Consensus
An AI that reads the scientific literature and tells you where it actually lands.
Someone at dinner claims that intermittent fasting extends lifespan. You want to know what the science actually says without reading twenty papers. You are not going to be a lifelong expert on fasting. You need calibrated, cited, five-minute competence.
Why this tool matters
Consensus is a search engine built specifically on empirical research claims. You ask a yes/no empirical question (Does X cause Y? Does Z work?), and Consensus searches the peer-reviewed literature, extracts claims from each paper, and shows you — for each paper — whether the authors found yes, no, or mixed / possibly. A meter at the top shows the overall direction of the evidence.
This is a specialized tool with a specialized use case: reasoning about empirical questions you care about but are not an expert on. It is particularly good at the class of questions where the general internet will confidently give you whichever answer you want to hear — nutrition, exercise, sleep, supplements, psychological interventions, educational practices. Consensus forces the evidence to answer for itself.
It is not a replacement for Elicit. Elicit is for structured data extraction across a literature; Consensus is for stance classification on a specific empirical claim. Most research workflows use both, at different moments.
Setup
Account: free at consensus.app. The free tier rate-limits AI features (summaries, the Consensus Meter) but lets you search unlimited. Paid tier starts around $9/month for students.
Best for: questions that have the shape “Does X cause Y?” or “Is Z effective for W?”. Empirical, testable, with a literature.
Walkthrough
Step 1: Ask an empirical yes/no question
Go to consensus.app. In the search bar, type a question phrased in natural language: Does meditation reduce anxiety? Is reading to children effective? Does creatine improve muscle growth?
Step 2: Read the Consensus Meter
At the top of the results, Consensus shows a meter: how many of the top papers say yes, no, or possibly. This is an orientation — not an answer. The meter is based on the top 20 papers and their extracted claim classifications.

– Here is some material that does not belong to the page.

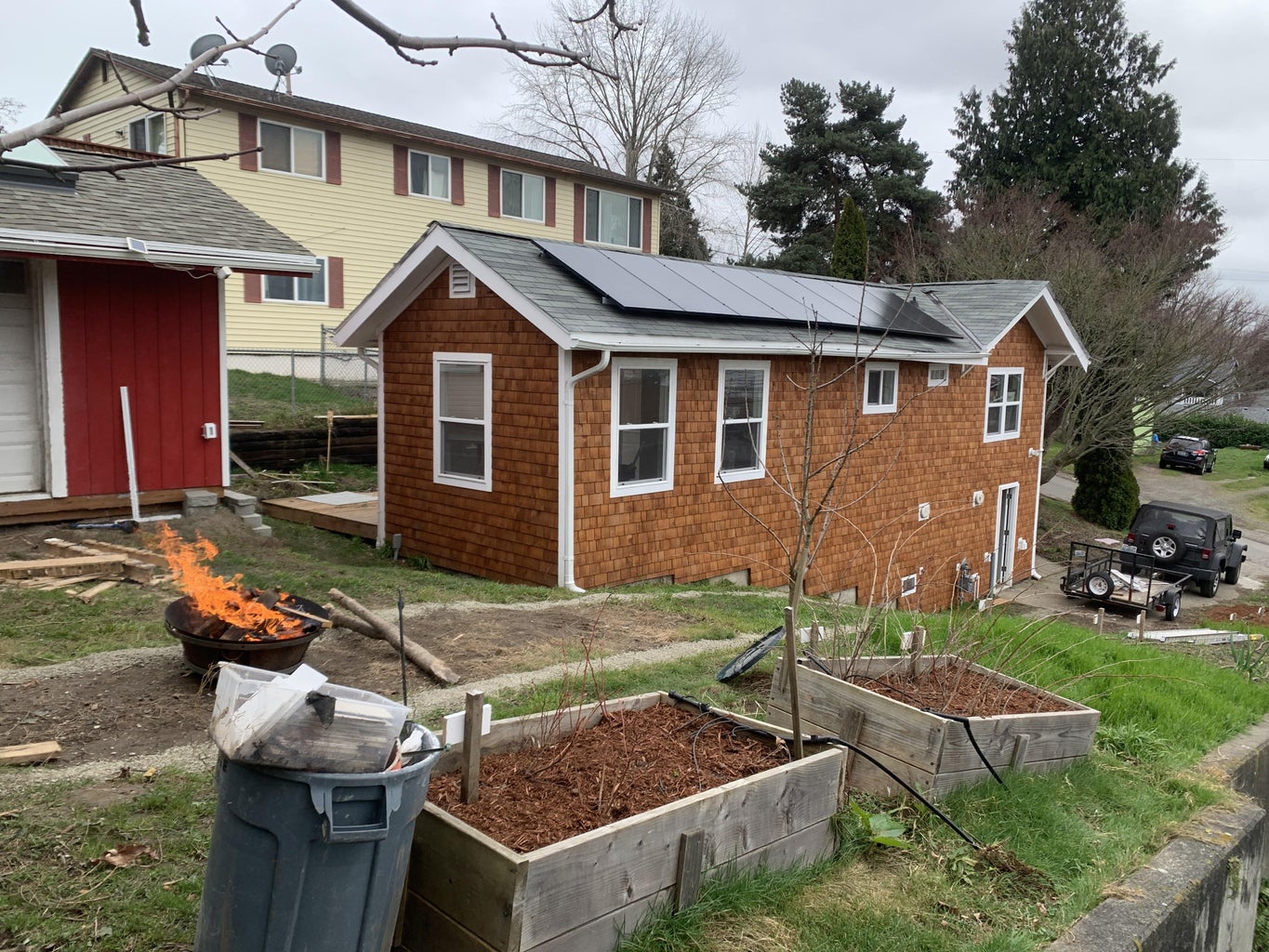 Build an Addition Onto Your House! 11 Steps (with Pictures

Step 3: Skim the top ten findings
Below the meter, each paper is represented with the extracted claim, the classification (yes / no / possibly), the publication venue, and the sample size. This is dense and useful — the page is almost a literature scan on its own.
Step 4: Click into a representative paper
Pick a paper that sits right on the meter's center of mass. Click to see the full abstract. Consensus highlights the exact sentence it extracted the claim from. Read the abstract. Does the paper actually say what the extracted claim says?
Step 5: Use the GPT Summary
For questions with enough papers, Consensus offers a Consensus Summary — a single paragraph that reconciles the top results. Treat it as a hypothesis, not a conclusion; check it against two or three of the cited papers.
Your turn
Basic: Resolve one health myth
Pick a health or wellness claim you have heard often and are not sure about: intermittent fasting and longevity, blue light and sleep, omega-3s and depression, cold exposure and cognition. Search it on Consensus. Read the meter, skim the top five findings, and click into the highest-impact paper.
In three sentences, write what the evidence actually says — acknowledging uncertainty where it exists.
Advanced: Build a position paper with evidence
Pick an empirical question that matters for a real decision in your life or work. Run Consensus on it. Open five of the top papers. For each: note the effect size, the sample, the population studied, and the key limitation.
Then write a 300-word position paragraph that (a) states the evidence-based answer, (b) acknowledges the limitations that the Consensus Meter smooths over, and (c) makes a calibrated recommendation. This is how professional analysts actually write.
Pitfalls and pro tips
The Meter is a sketch, not a conclusion. It classifies the stated claim of each paper, but not the quality of the evidence. Five bad studies saying “yes” can tilt it wrongly. Always check the top two papers personally.
Question phrasing matters. Does X cause Y? and Does X reduce Y? can return different classifications from the same papers. Try rephrasing to see whether the direction of the meter holds up.
Sample bias in the literature. Consensus reflects the published literature, which has its own biases (novelty bias, positive-result bias, funding-source bias). A strong Consensus meter is not a guarantee that the real world agrees.
How it compares
Consensus is unusual. The closest competitor is Scite, which tracks whether later papers have supported, disputed, or mentioned each citation — a different but related classification problem. Elicit (Day 3) does structured extraction but does not classify stance by default. For a yes/no empirical question, Consensus remains the sharpest tool we have.
When to use — and when not to
Use Consensus when the question you are chewing on is empirical and has a literature (medicine, psychology, nutrition, education, exercise science). It is particularly valuable for health and wellness claims, where internet sources are noisy.
Do not use Consensus when the question is theoretical, legal, historical, or a matter of design choice — these do not have a “meter” in the same empirical sense.